And so we reach the central lesson of this series: vainglories, like ogres, are like onions. They come in layers, and so even once you have peeled away one form of vainglory, it leaves vainglory of another form underneath. To combat run-of-the-mill vainglory, I ended up adopting a meta-vainglory. And indeed, a part of me is worried that in writing this series I’m actually engaged in a sort of meta-meta-vainglory — it really is hard at times to tell.
Does Peeling Away Layers At Least Make Progress?
How far can we take this analogy with onions? If we take it far enough, we might find something at least somewhat comforting in it. Perhaps, even as you peel away layers of vainglory there is yet new vainglory underneath, but just as an onion gets smaller each time a layer is peeled away, so too maybe the vainglory gets smaller and less troublesome the more times we work through the process.
But if Cassian is right, vainglory actually gets more dangerous as it moves from the more earthly to the more spiritual. According to Cassian, as vainglory gets mixed in with virtue, it becomes harder and harder to recognize and combat the vainglory that remains: “but this being interwoven with our virtues and entangled in the battle, fighting as it were under cover of the darkness of night, deceives the more dangerously those who are off their guard and not on the lookout.”
To make this concrete, let’s consider my own case again.
Part of the danger of vainglory, usually, is that we prioritize our own reputation over help we can give to those in need. We invest our time in energy, for example, in high-profile causes rather than ones where we can really make the biggest difference. Does my own meta-vainglory avoid that problem? No. After all, I chose not to post about the charity I donate to on Facebook, an act which would indeed help raise awareness and funds, because I don’t want to appear to be virtue signaling.
But not only does the same problem occur, Cassian also says that it deceives more dangerously as if under the cover of darkness. Is he right that this vainglory was harder to notice? Yes, I think so. First, I was able to trick myself not only into thinking I was acting just to help the poor, but I also thought I was specially avoiding a concern for my own reputation. Thus, there were two layers of self-deception I had to work through before I could see the truth. Second, it was much harder for others to point out my own vainglory, because it was precisely that vice that I was in the process of hiding from them. I have seen people called out and corrected for virtue signaling before. It is pretty easy to do when someone is engaged in run-of-the-mill vainglory. But no one has ever called me out for my meta-vainglory, because, of course, the whole point is no one sees that as what I’m doing. So, this meta-vainglory is not only still damaging, it is doubly hidden both from myself and from others.
So What Do We Do?
Honestly, I have no idea. John Cassian thought that vainglory could not just be treated, the root cause had to be weeded out as well. For Cassian, you have to get to the bottom of why we care about our reputation in the first place. To excise that vicious tendency in its entirety, you won’t be able to just counteract the various forms in which the vice arises in piecemeal fashion. The problem is that Cassian is not clear on how that excising is to be accomplished — and indeed he seems to agree with Augustine and Aquinas that the vice could in principle only be overcome with divine assistance.
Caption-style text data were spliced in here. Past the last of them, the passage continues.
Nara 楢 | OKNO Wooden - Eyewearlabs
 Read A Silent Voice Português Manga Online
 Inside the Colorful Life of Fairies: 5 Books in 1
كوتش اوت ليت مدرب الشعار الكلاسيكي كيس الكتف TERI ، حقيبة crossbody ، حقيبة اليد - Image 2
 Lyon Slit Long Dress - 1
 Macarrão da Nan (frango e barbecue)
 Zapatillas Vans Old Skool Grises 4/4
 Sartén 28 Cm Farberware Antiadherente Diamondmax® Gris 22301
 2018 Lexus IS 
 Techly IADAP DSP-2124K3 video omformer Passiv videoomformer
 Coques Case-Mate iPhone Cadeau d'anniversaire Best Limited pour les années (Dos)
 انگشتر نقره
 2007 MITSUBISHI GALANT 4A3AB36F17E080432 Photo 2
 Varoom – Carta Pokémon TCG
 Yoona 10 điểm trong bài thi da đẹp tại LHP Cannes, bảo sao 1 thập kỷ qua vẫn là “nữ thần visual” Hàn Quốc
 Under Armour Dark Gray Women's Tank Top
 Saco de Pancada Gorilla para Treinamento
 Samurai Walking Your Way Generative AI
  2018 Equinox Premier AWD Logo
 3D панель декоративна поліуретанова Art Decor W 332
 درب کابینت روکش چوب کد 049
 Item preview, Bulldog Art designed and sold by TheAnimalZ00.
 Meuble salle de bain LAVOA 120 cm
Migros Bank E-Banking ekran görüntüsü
As best I can tell, the most practical secular solution involves two discrete steps. First, one should engage in regular practices of silence and solitude. One should make sure that, when there is no reason for one’s good works to be known, that they are not known. However, one should also inculcate a greater concern for the poor and greater love for the common good. The only way to root out vainglory, in the end, is to be so absorbed looking outward at what is good, that one does not even attend to one’s own reputation (except where that reputation is important to the goods that one pursues). We return, perhaps, to the lesson of Augustine from Part I: to overcome vainglory, it is not really about coming to care less about our reputation, but coming to care about other things more.